**Recorded information**
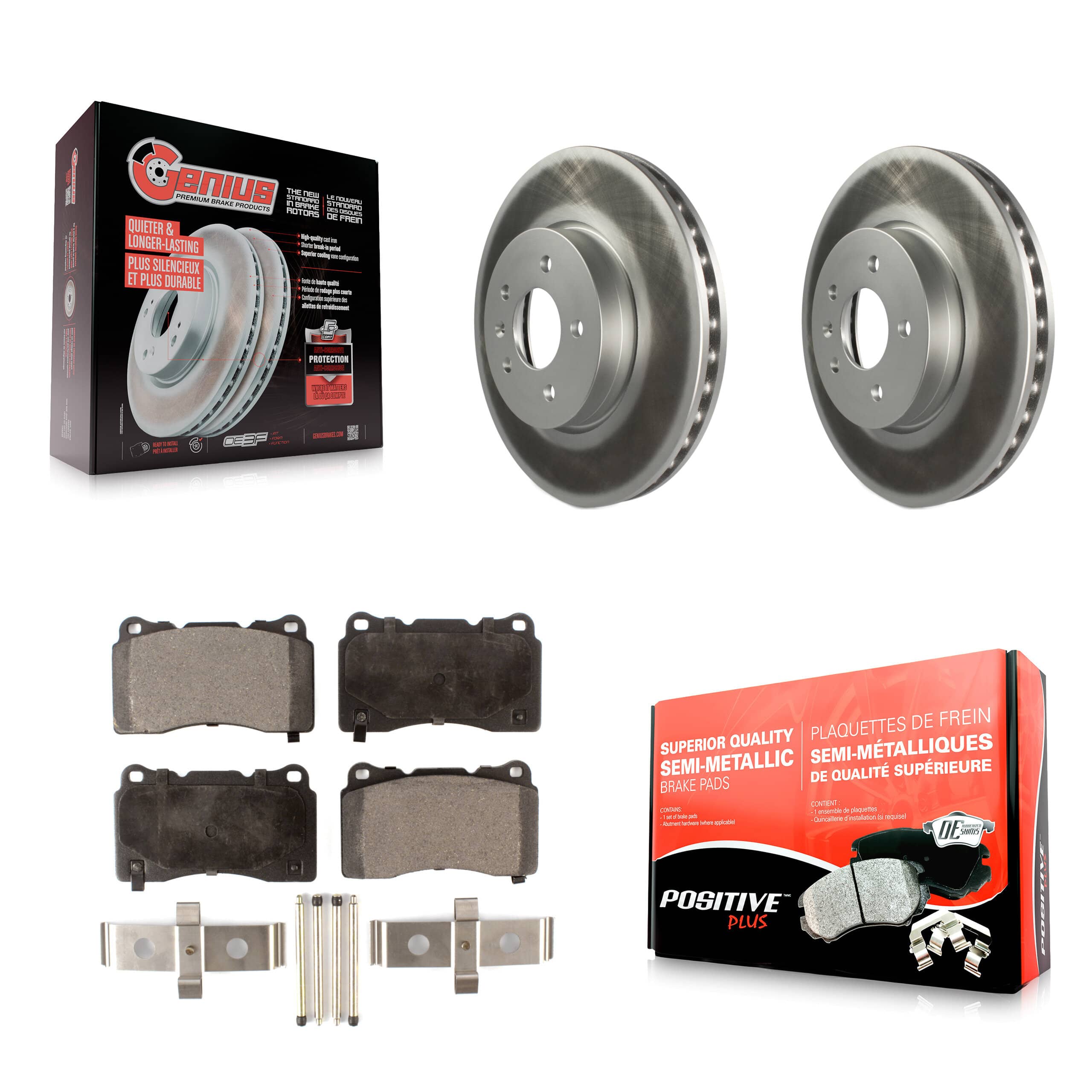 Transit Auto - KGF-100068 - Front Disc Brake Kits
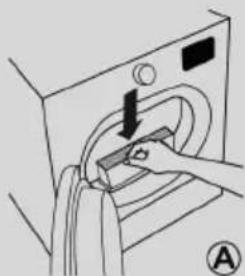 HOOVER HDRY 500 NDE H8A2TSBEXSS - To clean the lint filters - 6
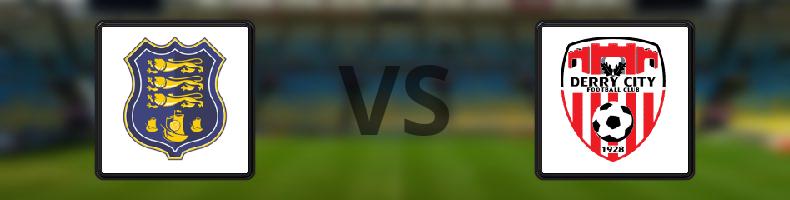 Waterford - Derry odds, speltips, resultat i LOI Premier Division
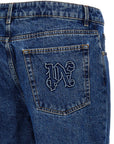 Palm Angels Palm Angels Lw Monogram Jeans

--

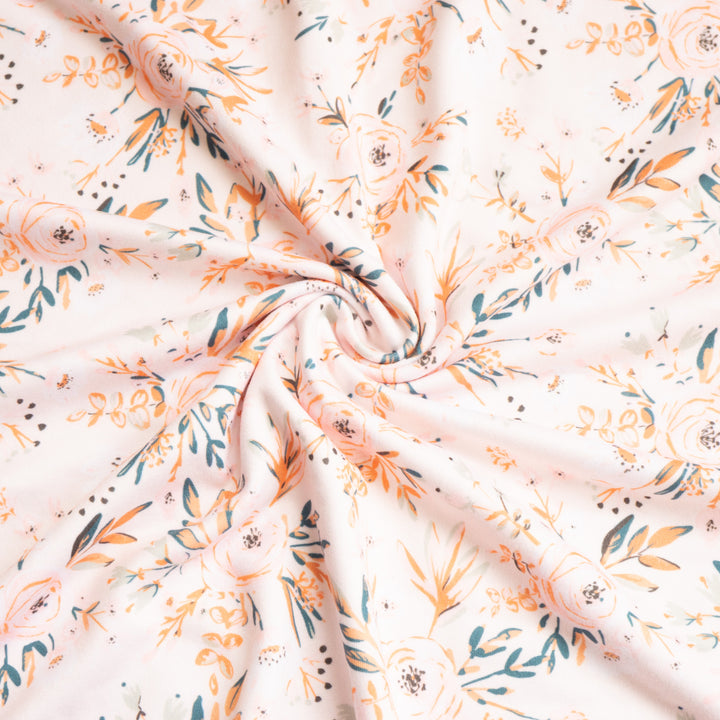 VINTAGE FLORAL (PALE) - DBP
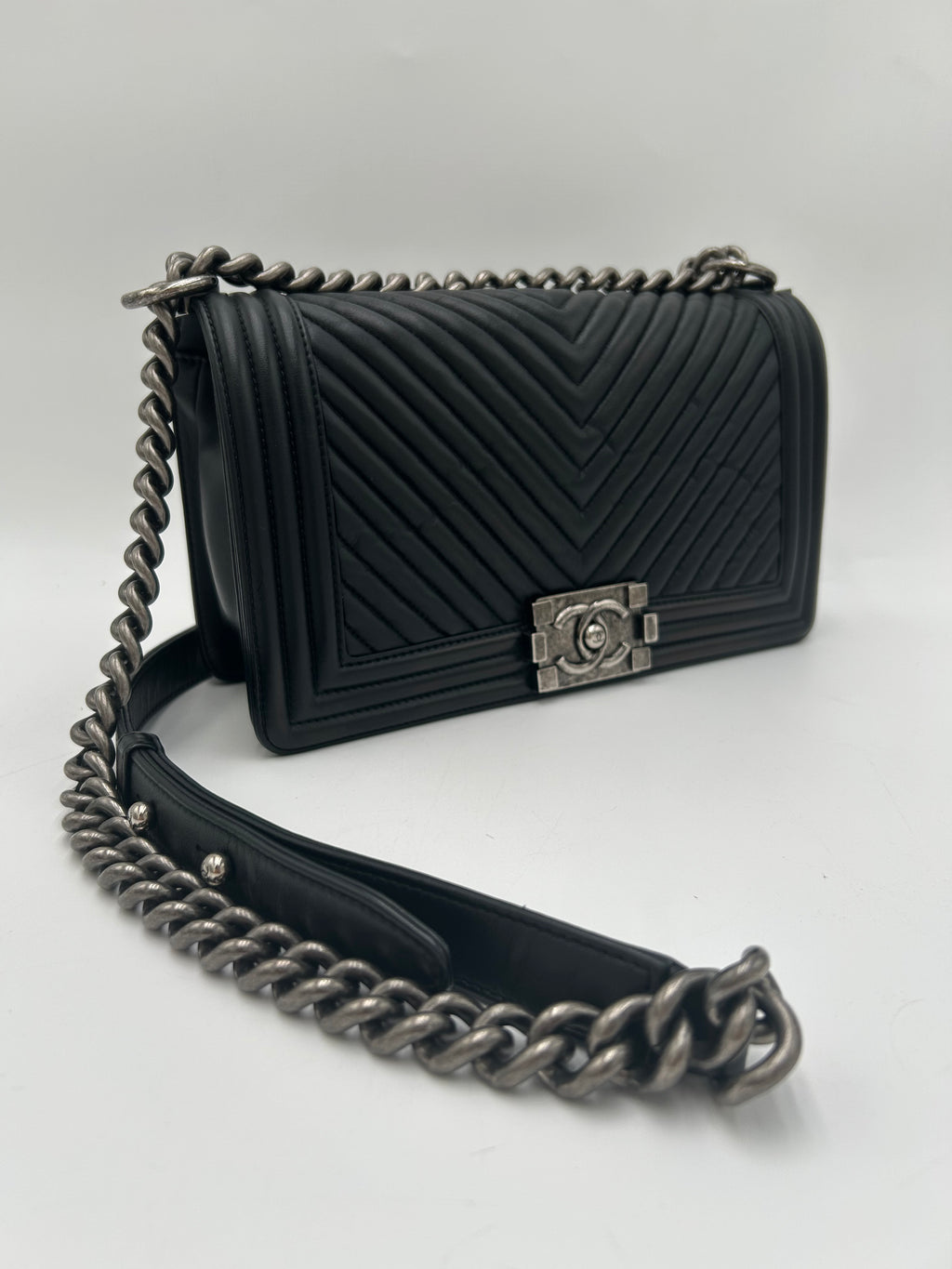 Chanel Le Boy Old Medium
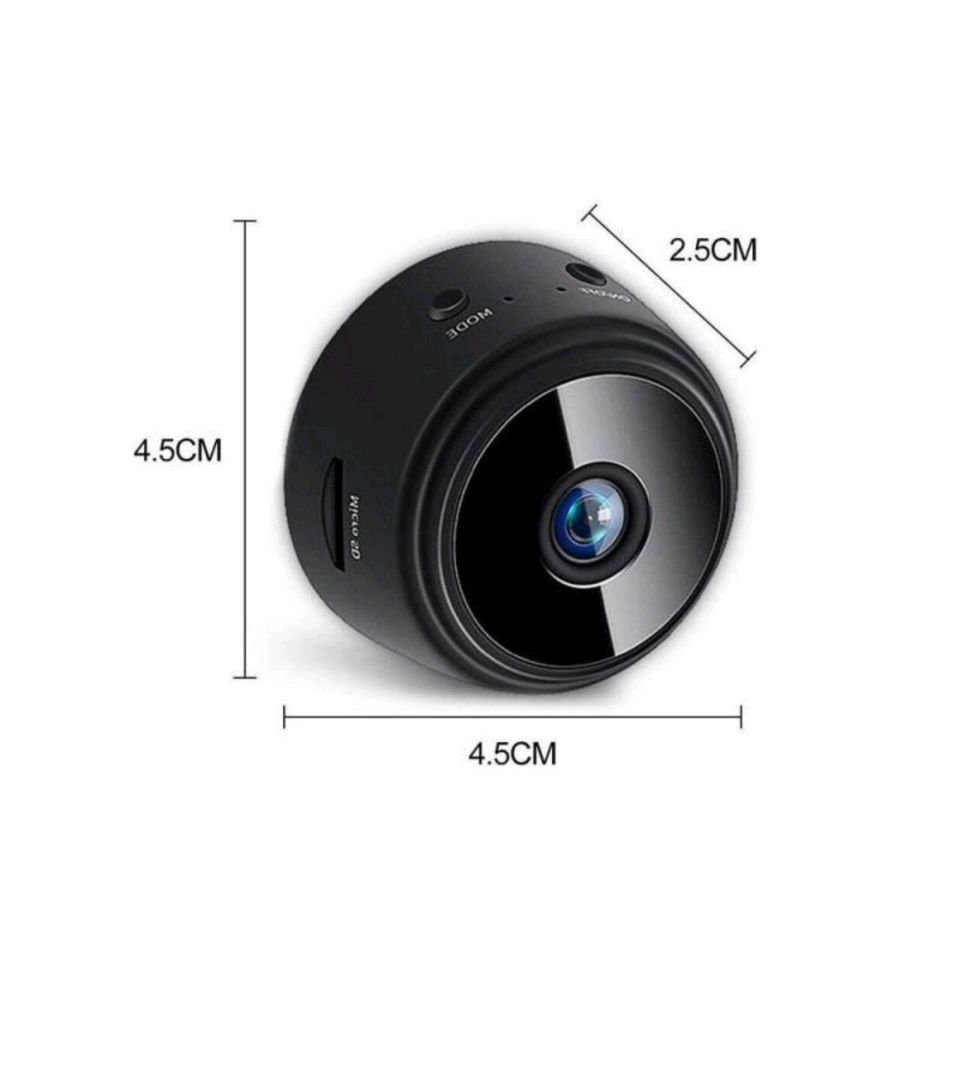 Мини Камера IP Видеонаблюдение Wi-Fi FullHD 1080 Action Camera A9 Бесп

**What to produce**
In the material above, the stretch from the line with "VINTAGE FLORAL (PALE) - DBP" through the line with "Мини Камера IP" is to be given again exactly, minus the pictures.

**Answer for the task**
 VINTAGE FLORAL (PALE) - DBP
 Chanel Le Boy Old Medium
 Мини Камера IP Видеонаблюдение Wi-Fi FullHD 1080 Action Camera A9 Бесп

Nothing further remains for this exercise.